# unmarried with kids, no father on birth cert visa for kids question



## greenmtn (Apr 28, 2014)

I've done a search and found only one post similar to my situation. From 2012...she didn't post a follow up. 

I have two children using anonymous sperm donor using IVF (assisted reproduction). I am not married and was not married at the time, although I was in the past. Unfortunately the divorce was several years before their birth, so I can't fudge it.

There is no other parent listed on the birth certificate. I am it.

I am considering a move to Dubai--after securing employment of course--and have an Emirati acquaintance in Dubai who has given me the inside scoop on what I would need as a single mom, live in maid, 40,000 AED per month minimum package, etc. She has contacts in my profession and seems to think this is doable.

However....The million dollar question is whether I am able to sponsor my children given the "no dad" scenario? 

Any thoughts? 

I'm not sure that if I spoke to immigration there that they would grasp the no dad concept...since it is so foreign to their culture, not to mention forbidden.
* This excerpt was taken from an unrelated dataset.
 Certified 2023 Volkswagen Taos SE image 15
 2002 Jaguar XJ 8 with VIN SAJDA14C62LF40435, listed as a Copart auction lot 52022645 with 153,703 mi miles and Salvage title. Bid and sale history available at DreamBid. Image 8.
Thanks for any assistance.


----------



## greenmtn (Apr 28, 2014)

Anyone? Advice? 

Should I call the UAE embassy in NY or email the correct department in Dubai? Or, is this a bad idea. Thanks for any help!!!!


----------



## XDoodlebugger (Jan 24, 2012)

Not much help, I'm sorry.

The only thing I can suggest is have your friend here contact their immigration "pro's" with this question to see if they can get an answer. A company "PRO" or public relations officer if they are good, deals with immigration on a daily basis and would have the best resources to get this answered.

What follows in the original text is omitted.